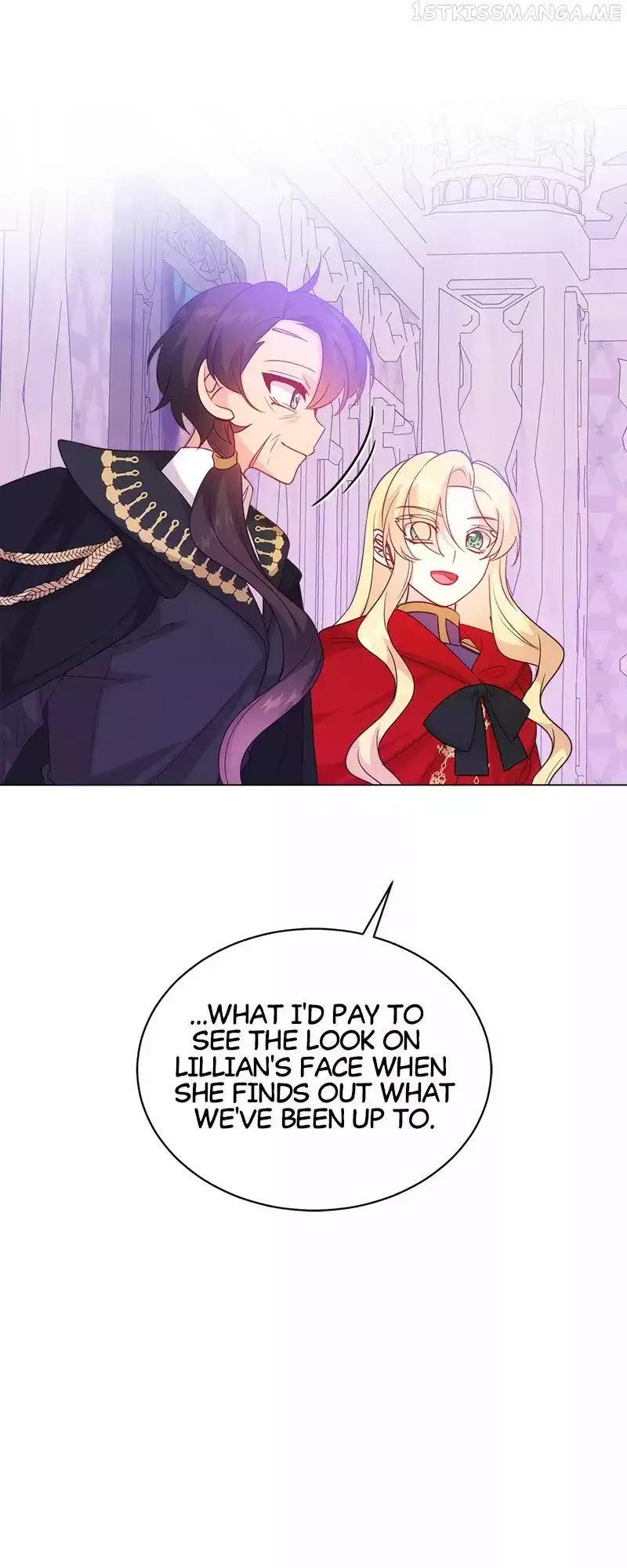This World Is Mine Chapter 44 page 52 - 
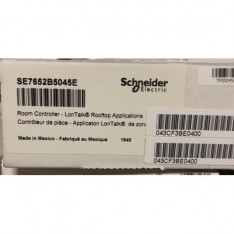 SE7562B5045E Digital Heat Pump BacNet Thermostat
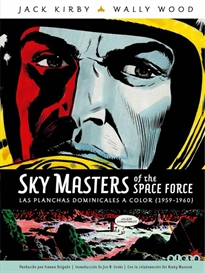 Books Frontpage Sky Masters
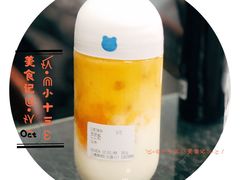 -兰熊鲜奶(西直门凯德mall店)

- Requirement -
The whole listing above must be returned exactly as written, with no pictures carried over.

- Response area -
This World Is Mine Chapter 44 page 52 - 
 SE7562B5045E Digital Heat Pump BacNet Thermostat
 Books Frontpage Sky Masters
 -兰熊鲜奶(西直门凯德mall店)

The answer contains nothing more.